I have a confession to make: I’m a reluctant hipster. I like to be the first to know about the latest craze just so I can dabble in it for a sec, declare myself an expert on it, and then scorn it. It’s fun to alienate people by convincing them that you were a fan of the Spice Girls when they were on an indie label.
(Truth: they never were, and I am extremely full of it. I just liked the fact that they were Bri-ish and said “massive” all the time.)
There is nothing better for a hipster than a group of like-minded outsiders who they can flaunt their supposed individuality with, and that’s why I embraced alternative music when I was in middle and high school.
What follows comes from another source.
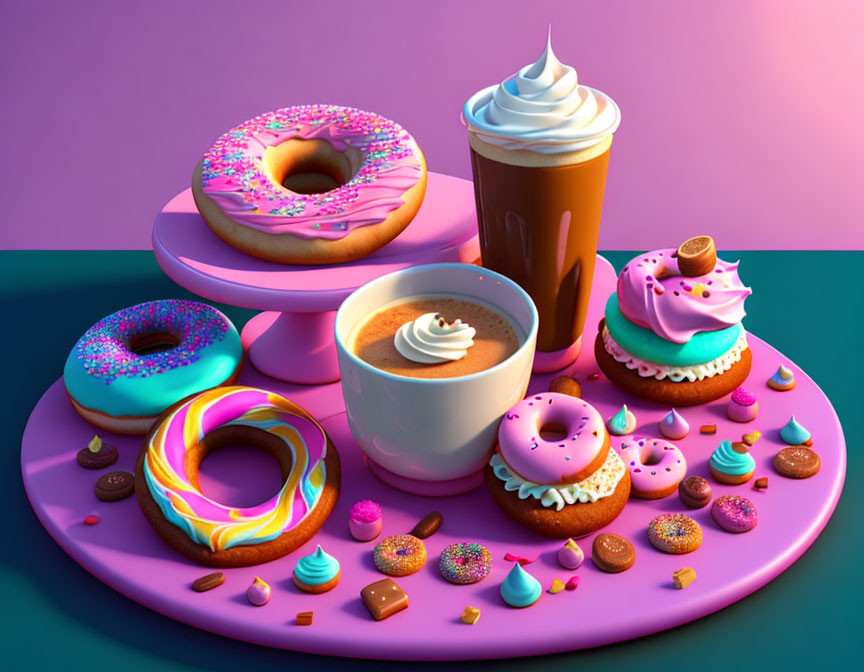 Assortment of Iced Donuts, Cupcakes, and Coffee on Pastel Background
During math class in the seventh grade, the teacher was instructing us on statistics. Our assignment was to create polls that our classmates could answer, and then make a graph that reflected the results. My highly imaginative poll asked, “What’s your favorite kind of music?,” and the overwhelming majority of the class answered “alternative.” Our pre-teen uniformity was decidedly…eclectic?
I loved alternative music. The best was that there was an entire radio station in Memphis devoted solely to playing it. 96X was edgy and cool, and it dubbed itself “The Modern Rock Alternative.” I was willing to overlook the fact that it played The Wallflowers because it also played Pearl Jam. Eddie Vedder’s growl cancelled out the cheap K-Mart hair extension version of Bob Dylan. (A billion bonus points if you get the reference.)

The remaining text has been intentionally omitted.